La Iglesia, las iglesias y los hombres de Iglesia (una aproximación)


Publicado por Alfonso Vila Francés


1. El intendente que no tocaba las campanas

¿Se puede condenar a un hombre por prohibir tocar unas campanas? Por supuesto que sí. ¿Se le puede condenar a pesar de sus múltiples servicios prestados, a pesar de desempeñar eficientemente el trabajo encomendado, de ser un leal y abnegado funcionario real y de haber proporcionado a la institución que lo quiere condenar la nada desdeñable cifra de 6000 nuevos feligreses? Pues sí. Se puede. Y tanto que se puede.

Veamos el caso del intendente Olavide.

Pablo Antonio José de Olavide y Jáuregui había nacido en Lima y había llegado a la Península después de una serie de sucesos que aquí no hace falta narrar. Además de funcionario real, era un intelectual ilustrado. Lo cual no le ayudó precisamente, como veremos.

Era muy aficionado al teatro. En Madrid monta una tertulia y teatrillo en su domicilio donde se representan obras traducidas por sus amigos y traduce él mismo obras francesas. Especial devoción tuvo por Racine y Voltaire; este último fue sin duda el autor francés más traducido por Olavide, a quien conocía personalmente. También creó la primera escuela de arte dramático del país.

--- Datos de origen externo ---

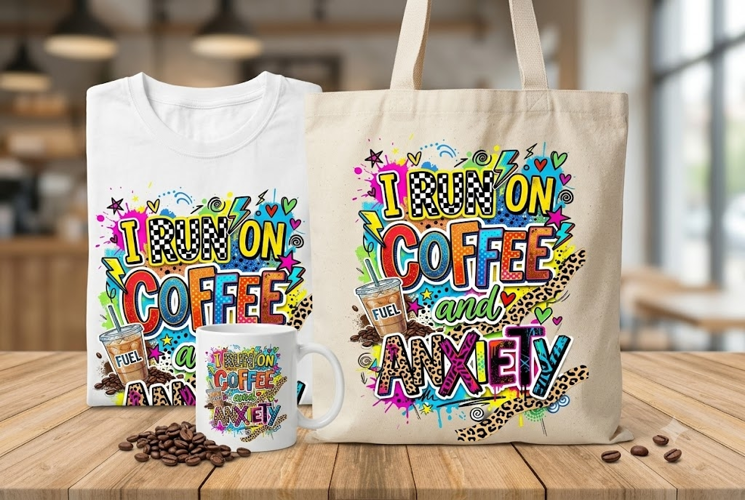I Run on Coffee and Anxiety PNG Sublimation Design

Carlos III le encomendará los proyectos de colonización en diversas zonas del sur de España, siendo nombrado intendente de Sevilla y del Ejército de Andalucía y superintendente de las Nuevas Poblaciones de Sierra Morena y Andalucía. Como intendente de los cuatro reinos de Andalucía (Sevilla, Córdoba, Jaén y Granada) Olavide gozaría de autoridad sobre los intendentes locales, en asuntos militares y de guerra. Pero su cargo municipal le daba plenos poderes en todo lo tocante a justicia, política y hacienda.

La colonización de Sierra Morena es su mayor proyecto. Se llevaron unos 6000 colonos (campesinos alemanes católicos) repartidos por distintas fundaciones: La Carolina, La Carlota, La Luisiana y otras, hasta un total de quince pueblos fundados en el proceso.

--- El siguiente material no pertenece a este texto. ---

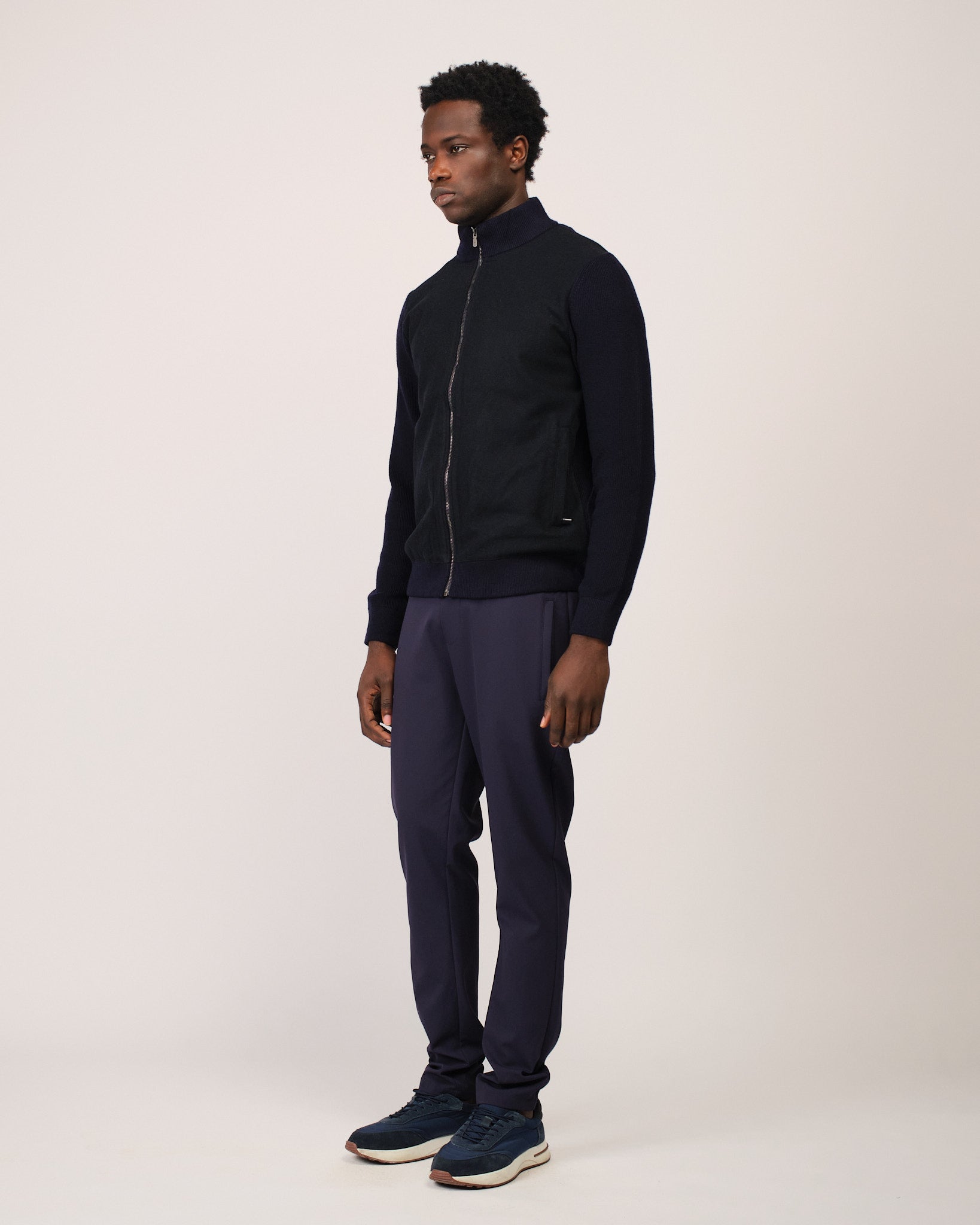 Two Tone Cardigan Navy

En 1775 se le abrió proceso inquisitorial y fue acusado de haber sostenido proposiciones heréticas, tales como haber defendido el sistema de Copérnico y “haber prohibido en las colonias que se tocasen las campanas a muerto, para que no se abatiese el ánimo de los pobladores que diariamente diezmaba la peste”. También se le acusa de defender la moralidad del teatro y de permitir los bailes públicos. Ingresa en prisión a fines de 1776. Fue declarado: “hereje, infame y miembro podrido de la Religión”. Se le condenó a exilio perpetuo de Madrid, de las residencias reales, de Lima, de Andalucía; a ocho años de reclusión en un monasterio, bajo las órdenes de un director de conciencia, que le enseñaría todos los días la doctrina y los dogmas de la fe católica, que le haría confesarse, oír misa, rezar el rosario y ayunar todos los viernes durante un año. Además, solo podría leer algunas obras religiosas. Sus bienes quedaban confiscados y él mismo y sus descendientes hasta la quinta generación eran excluidos de todo empleo público.


Bien, hasta aquí los hechos. Ahora alguna pregunta. ¿Por qué su rey no le ayudó? Carlos III pasa por ser un rey ilustrado (y lo era) pero lo cierto es que no hizo mucho por ayudar a su intendente. Bueno, algo hizo: evitó que lo quemaran en la hoguera. Algo es algo, hay que decirlo. Pero ¿no se merecía un funcionario que no ha sido acusado de robar, de abusar de su cargo, de hacer mal su trabajo, ni de nada de eso, algo más? ¿A cuántos funcionarios corruptos o incompetentes se ha protegido desde el poder? ¿No se merecía Olavide mejor suerte?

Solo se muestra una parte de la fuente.